DEAR MISS MANNERS: How do you feel about the use in an obituary of a photo of the deceased when he/she was much younger than at the age at which he/she had died?
I have the typical face of a woman my age, 78 – wrinkled, sagging skin and thin, graying hair. A photo of me at 26 shows a very attractive, vibrant young woman, and this is how I would like my friends to remember me. (And it would send a message to my much younger friends: No matter how beautiful or handsome you are now, you, too, will one day be old, wrinkled and gray if you live long enough.)
I have reached the age where reading the obituary columns in the paper every day has become a habit. In the part of the country where I now live, the use of a younger photo is about 50 percent.
How do you feel about disclosing the cause of death in an obituary? I see this in very few write-ups, yet, when you hear that someone has died, the first thing everyone wants to know is what caused their death.
I think that the disclosure could be a wake-up call for a lot of people, for instance, to learn that the heavy smoker died of lung cancer, that the heart patient who did not watch his weight died of a heart attack, etc. By this, I don’t mean that you mention the person was a heavy smoker, of course! – only that the cause of death was lung cancer. (If you knew him, you already know that he was a heavy smoker.)

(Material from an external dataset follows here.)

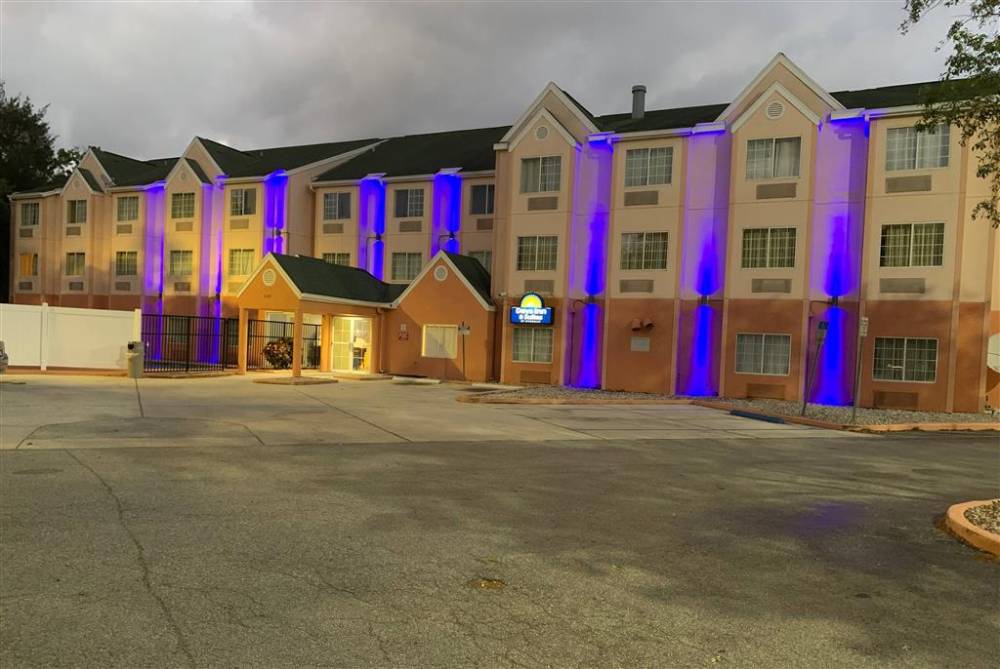 Days Inn Tampa Rmnd Jm Stdm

I will do my very best to stay alive until you have time to answer this, only because I want to know your opinion – good etiquette or not, I intend to have my young photo used and the cause of death disclosed in my obituary!
GENTLE READER: Newspapers and magazines have their own policies about photographs and mentioning causes of death, with which you cannot argue. Especially when you are dead.
For a funeral program or Web site posting, you can decide what you like – Miss Manners is not inclined to condemn last wishes – and even use more than one picture.
Thankfully, however, you are still alive, so she has time to address the taste aspects. Her motive is not to give you a glamorous death but a brighter outlook on life.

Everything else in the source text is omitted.